In this paper, we propose to use the Prüfer sequence of the Abstract Syntax Tree (AST) of a computer program to design a sequential representation scheme that preserves the structural information in an AST. Our representation makes it possible to develop deep-learning models in which signals carried by lexical tokens in the training examples can be exploited automatically and selectively based on their syntactic role and importance. Unlike other recently-proposed approaches, our representation is concise and lossless due to the fact that an AST can be uniquely reconstructed from its Prüfer sequence. Empirical studies on real-world benchmark datasets, using a sequence-to-sequence learning model we designed for code summarization, showed that our Prufer-sequence-based representation is indeed highly effective and efficient, and our model outperforms significantly all the recently-proposed deep-learning models used as the baselines in the experiments.
The application of deep learning models in representation learning for computer programs has attracted much recent attention and is widely used for many tasks in computer program comprehension such as automated code summarization (a7; a8; a9), code generation (a10), and code retrieval (a11).
Several approaches have been investigated to making use of syntactic and structural information, explicitly or implicitly, in representation learning from the source code of computer programs. a12 used the relations in the abstract syntax tree as a feature for training a learning model. a13 and a14 used the paths in an AST to identify the context node. a5 proposed a Structure-Based Traversal (SBT) method to represent ASTs as a linear sequence containing syntactic information in a sequence-to-sequence learning model for code summarization. a15 further extended their SBT-based model (a5) by adding to their model another encoder that learns from lexical information in the source code. Another representation (a16) uses the concatenation of the token sequences along the paths between pairs of terminal nodes in an AST. In addition to these efforts of directly using the structural information in the ASTs in a sequence-to-sequence model, a9 explored the possibility of exploiting structural information implicitly with a transformer model enhanced by pariwise semantic relationships of tokens in the model’s attention mechanism. A significant downside of a transformer-based approach is the increase of the model complexity (quadratic in the code length), and thus the sample complexity and the computational complexity.

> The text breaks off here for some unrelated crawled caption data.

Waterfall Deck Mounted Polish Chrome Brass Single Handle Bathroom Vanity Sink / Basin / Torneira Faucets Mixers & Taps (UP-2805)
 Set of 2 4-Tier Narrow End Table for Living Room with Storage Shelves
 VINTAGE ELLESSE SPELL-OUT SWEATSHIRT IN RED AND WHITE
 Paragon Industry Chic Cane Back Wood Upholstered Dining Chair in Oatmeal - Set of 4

Abstract Syntax Trees and Prüfer Sequences
Prüfer sequences have been used in the past as a sequential representation of tree structures in stochastic search methods (pru-r1; pru-r2), problems in fuzzy systems (pru-r3; pru-r5), and hierarchical or graph data management (pru-r7; pru-r8). To the best of our knowledge, our work is the first effort in using Prüfer sequences and exploiting their unique properties in (deep) representation learning for structured data.
In this section, we discuss the details of our Prüfer-sequence-based code representation, including its main idea and its construction. We also discuss the advantages of our representation over other sequential representations in terms of effectiveness, efficiency, and flexibility.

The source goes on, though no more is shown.